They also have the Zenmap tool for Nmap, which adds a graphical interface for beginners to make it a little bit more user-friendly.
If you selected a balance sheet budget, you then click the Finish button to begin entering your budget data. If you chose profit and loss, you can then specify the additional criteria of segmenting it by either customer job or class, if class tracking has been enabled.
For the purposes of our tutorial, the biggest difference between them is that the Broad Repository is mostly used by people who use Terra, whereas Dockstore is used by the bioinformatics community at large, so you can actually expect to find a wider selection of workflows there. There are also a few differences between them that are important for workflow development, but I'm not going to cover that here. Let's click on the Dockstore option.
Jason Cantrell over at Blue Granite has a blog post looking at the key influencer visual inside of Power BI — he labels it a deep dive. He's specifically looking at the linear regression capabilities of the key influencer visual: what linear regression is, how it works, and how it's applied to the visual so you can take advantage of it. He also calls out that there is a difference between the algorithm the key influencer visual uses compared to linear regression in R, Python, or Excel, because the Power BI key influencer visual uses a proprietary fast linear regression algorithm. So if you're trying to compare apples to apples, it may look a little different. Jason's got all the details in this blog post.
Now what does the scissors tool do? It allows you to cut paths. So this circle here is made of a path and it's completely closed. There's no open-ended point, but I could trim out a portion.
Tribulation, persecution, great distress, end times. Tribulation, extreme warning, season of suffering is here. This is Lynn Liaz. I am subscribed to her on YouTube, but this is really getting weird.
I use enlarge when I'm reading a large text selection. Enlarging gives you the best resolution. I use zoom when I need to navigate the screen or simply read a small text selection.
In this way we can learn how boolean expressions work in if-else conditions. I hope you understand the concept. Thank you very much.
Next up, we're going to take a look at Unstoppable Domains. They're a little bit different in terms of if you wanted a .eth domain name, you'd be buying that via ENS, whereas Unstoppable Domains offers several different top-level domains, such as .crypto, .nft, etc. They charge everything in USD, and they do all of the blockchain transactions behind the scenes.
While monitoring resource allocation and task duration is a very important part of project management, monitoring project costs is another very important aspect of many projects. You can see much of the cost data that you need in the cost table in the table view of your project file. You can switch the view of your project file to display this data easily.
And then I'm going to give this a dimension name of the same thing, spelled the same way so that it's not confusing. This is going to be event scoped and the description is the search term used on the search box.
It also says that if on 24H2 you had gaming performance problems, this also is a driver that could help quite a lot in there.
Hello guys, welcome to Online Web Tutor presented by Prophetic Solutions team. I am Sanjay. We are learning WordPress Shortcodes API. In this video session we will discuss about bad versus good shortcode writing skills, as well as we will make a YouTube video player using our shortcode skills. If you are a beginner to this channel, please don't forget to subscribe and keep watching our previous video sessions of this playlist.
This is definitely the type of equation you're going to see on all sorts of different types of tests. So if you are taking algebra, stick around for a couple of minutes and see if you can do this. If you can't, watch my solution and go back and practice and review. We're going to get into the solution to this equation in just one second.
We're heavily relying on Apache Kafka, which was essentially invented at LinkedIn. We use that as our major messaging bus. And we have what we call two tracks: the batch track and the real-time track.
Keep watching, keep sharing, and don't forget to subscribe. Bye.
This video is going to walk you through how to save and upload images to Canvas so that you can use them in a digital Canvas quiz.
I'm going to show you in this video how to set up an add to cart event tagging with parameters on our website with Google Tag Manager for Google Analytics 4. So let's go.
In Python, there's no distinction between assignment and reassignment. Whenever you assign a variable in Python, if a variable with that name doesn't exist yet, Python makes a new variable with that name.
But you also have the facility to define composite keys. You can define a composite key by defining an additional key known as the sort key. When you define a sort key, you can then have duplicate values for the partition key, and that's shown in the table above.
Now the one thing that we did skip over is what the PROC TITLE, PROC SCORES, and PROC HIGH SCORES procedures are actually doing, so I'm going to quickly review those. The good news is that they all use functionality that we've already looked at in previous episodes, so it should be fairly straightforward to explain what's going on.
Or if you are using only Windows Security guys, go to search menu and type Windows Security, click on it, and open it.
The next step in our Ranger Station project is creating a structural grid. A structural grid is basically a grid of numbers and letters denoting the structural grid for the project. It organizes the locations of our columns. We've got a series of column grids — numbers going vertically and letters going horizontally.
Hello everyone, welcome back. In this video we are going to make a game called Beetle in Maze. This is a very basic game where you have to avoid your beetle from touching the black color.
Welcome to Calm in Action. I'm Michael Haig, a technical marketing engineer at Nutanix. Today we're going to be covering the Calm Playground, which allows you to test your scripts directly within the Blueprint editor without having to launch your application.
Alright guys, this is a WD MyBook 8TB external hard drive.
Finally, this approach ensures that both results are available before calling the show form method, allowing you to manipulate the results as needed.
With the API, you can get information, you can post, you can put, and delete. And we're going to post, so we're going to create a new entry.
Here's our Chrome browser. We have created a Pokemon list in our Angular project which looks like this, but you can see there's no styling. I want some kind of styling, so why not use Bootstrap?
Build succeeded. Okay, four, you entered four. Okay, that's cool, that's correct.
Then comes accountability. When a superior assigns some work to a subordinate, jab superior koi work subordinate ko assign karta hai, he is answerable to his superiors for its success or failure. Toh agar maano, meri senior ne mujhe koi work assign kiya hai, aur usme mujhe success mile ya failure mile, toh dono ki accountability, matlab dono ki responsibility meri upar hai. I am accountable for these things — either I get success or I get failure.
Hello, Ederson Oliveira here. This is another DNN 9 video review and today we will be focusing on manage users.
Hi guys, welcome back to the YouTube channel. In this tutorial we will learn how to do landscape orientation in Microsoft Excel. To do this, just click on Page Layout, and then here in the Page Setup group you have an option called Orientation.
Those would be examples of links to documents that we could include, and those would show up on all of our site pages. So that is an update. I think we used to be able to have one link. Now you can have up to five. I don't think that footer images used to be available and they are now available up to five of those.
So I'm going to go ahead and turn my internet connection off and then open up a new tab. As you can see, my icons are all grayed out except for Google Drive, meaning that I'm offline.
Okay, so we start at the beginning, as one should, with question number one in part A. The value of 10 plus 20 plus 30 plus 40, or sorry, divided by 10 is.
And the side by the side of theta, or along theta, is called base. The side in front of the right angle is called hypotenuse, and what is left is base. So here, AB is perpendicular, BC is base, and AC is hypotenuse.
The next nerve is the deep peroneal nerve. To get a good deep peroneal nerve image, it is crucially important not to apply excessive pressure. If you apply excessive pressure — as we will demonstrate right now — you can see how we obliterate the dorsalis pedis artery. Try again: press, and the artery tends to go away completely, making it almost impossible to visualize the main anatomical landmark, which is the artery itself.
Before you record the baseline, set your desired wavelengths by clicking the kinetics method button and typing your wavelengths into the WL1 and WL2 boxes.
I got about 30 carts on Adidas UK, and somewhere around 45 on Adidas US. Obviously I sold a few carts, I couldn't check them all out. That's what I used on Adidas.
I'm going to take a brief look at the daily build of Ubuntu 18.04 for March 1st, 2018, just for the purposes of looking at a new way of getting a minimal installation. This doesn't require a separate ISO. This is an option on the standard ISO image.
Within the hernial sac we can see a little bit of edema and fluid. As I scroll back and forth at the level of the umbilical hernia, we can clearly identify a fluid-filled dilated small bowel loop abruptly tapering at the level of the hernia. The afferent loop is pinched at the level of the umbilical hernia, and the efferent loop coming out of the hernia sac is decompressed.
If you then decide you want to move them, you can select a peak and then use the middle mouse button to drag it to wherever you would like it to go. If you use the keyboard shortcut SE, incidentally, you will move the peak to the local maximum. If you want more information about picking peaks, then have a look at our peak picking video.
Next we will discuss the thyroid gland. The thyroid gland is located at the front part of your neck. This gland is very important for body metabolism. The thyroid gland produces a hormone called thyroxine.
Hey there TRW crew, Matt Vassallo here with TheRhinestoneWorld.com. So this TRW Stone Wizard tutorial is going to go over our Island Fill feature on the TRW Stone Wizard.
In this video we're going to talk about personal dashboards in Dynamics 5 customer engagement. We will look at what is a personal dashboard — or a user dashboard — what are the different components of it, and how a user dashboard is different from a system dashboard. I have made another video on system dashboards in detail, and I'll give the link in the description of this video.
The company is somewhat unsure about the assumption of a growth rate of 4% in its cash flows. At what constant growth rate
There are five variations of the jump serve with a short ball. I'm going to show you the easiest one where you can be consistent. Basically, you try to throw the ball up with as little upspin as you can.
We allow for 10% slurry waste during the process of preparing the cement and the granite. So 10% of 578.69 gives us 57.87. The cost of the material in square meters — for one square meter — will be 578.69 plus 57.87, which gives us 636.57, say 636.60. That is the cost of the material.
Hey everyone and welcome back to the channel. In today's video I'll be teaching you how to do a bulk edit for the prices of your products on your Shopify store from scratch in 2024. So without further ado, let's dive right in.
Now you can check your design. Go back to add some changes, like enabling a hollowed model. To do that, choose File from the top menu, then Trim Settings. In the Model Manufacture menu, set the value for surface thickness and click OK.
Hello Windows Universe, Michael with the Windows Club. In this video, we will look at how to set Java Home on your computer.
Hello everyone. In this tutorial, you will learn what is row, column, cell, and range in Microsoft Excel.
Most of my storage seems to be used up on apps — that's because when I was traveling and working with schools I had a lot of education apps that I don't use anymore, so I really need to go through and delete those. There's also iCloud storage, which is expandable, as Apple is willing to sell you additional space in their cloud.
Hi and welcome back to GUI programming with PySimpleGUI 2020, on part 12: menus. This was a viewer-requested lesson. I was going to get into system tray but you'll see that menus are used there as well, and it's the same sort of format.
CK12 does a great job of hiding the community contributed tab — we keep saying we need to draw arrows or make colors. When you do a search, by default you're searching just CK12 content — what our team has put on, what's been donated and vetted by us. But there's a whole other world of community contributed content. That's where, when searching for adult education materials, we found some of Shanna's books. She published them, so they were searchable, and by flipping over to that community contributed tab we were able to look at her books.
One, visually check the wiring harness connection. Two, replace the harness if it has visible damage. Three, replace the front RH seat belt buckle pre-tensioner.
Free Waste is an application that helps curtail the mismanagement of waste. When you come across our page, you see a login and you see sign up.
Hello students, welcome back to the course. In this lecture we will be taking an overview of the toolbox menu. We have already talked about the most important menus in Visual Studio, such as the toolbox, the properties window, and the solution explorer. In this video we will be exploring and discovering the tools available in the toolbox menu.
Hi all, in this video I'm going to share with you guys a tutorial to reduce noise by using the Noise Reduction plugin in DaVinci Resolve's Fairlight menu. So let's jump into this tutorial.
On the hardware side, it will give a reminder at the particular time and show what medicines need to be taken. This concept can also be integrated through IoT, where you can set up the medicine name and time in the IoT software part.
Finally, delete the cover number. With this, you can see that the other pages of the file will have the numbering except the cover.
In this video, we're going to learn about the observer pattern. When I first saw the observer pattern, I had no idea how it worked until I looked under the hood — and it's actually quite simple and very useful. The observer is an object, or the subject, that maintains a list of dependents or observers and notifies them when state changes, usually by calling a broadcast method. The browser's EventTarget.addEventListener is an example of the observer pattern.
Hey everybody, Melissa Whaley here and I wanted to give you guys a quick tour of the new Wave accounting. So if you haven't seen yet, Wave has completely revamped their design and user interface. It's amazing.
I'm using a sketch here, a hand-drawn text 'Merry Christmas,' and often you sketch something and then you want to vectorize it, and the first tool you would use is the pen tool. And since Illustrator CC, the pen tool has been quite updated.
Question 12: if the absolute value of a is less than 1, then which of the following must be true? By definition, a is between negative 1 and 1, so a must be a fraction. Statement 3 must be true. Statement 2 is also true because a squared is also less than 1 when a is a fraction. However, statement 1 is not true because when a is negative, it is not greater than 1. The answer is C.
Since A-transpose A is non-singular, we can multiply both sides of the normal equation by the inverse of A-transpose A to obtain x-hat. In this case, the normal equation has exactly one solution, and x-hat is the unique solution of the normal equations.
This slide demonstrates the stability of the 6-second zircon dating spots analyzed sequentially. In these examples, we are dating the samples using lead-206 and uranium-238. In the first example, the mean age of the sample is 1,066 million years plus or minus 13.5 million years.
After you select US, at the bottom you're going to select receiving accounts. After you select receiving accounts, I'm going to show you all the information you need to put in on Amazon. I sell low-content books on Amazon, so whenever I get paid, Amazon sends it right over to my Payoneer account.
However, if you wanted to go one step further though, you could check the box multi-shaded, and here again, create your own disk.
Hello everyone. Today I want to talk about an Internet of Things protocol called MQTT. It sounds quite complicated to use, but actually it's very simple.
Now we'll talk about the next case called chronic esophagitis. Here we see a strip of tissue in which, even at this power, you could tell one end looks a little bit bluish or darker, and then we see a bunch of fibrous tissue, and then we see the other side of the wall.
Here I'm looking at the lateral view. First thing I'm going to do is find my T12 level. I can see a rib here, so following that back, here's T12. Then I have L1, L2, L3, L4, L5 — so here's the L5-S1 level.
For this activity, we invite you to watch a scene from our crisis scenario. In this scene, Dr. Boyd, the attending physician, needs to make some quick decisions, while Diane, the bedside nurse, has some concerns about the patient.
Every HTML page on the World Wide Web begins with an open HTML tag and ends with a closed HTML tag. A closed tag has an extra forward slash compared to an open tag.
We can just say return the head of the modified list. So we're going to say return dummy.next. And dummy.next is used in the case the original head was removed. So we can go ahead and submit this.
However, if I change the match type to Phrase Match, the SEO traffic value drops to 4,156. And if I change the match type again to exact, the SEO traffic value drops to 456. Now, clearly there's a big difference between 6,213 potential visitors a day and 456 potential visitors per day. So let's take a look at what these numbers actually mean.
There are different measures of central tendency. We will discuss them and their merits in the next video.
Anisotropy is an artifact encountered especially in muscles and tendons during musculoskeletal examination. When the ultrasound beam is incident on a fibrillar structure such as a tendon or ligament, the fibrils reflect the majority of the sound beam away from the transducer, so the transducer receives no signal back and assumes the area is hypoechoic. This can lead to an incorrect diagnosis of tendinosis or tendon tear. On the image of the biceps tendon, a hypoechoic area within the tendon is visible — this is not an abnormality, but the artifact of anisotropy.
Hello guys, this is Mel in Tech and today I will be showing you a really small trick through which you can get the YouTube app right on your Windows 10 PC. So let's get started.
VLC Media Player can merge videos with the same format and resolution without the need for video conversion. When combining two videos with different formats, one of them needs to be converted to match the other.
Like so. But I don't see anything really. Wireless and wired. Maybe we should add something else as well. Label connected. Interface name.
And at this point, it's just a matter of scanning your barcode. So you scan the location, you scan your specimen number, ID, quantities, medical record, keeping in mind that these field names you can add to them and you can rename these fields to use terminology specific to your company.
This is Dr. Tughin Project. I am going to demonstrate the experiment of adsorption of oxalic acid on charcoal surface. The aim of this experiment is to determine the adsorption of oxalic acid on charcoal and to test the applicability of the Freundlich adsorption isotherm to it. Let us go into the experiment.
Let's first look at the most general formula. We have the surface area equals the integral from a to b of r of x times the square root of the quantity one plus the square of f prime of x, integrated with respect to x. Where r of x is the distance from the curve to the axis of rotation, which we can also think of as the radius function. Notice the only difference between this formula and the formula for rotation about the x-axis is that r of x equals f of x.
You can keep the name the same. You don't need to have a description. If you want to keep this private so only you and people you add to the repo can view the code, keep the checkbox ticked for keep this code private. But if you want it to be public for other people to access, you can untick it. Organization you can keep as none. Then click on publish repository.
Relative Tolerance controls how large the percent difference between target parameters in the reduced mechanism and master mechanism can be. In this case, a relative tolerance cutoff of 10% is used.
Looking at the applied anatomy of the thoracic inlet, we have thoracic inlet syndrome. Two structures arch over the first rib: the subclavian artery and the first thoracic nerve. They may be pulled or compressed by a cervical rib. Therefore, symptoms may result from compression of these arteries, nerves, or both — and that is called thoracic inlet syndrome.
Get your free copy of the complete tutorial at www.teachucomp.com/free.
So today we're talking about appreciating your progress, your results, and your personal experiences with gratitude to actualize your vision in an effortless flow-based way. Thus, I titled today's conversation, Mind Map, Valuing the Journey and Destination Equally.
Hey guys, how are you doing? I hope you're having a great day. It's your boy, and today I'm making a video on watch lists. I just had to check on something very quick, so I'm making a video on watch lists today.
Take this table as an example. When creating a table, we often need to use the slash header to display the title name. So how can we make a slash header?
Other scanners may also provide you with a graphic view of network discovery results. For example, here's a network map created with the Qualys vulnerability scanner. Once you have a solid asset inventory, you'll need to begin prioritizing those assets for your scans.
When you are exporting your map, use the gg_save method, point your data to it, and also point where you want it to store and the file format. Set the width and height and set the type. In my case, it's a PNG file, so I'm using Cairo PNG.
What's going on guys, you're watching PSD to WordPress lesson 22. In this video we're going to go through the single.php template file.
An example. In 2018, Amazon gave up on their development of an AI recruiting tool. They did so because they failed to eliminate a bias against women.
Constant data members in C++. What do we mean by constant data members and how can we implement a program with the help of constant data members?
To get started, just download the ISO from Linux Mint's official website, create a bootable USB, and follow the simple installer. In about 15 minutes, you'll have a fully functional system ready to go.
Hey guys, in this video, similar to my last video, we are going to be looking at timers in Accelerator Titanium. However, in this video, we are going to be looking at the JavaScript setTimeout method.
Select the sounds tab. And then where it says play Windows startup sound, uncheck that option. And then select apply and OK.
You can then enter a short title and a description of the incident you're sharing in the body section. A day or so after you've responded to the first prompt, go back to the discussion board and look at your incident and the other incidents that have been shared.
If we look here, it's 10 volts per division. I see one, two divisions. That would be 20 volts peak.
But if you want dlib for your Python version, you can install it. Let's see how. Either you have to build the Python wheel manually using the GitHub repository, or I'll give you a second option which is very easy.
-=-=-
TASK OBJECTIVE.
Set down only the lines above that fall between the line holding "We're heavily relying" and the line holding "This video is", inclusive, keeping each exact.

RESPONSE FOR THIS EXERCISE.
We're heavily relying on Apache Kafka, which was essentially invented at LinkedIn. We use that as our major messaging bus. And we have what we call two tracks: the batch track and the real-time track.
Keep watching, keep sharing, and don't forget to subscribe. Bye.
This video is going to walk you through how to save and upload images to Canvas so that you can use them in a digital Canvas quiz.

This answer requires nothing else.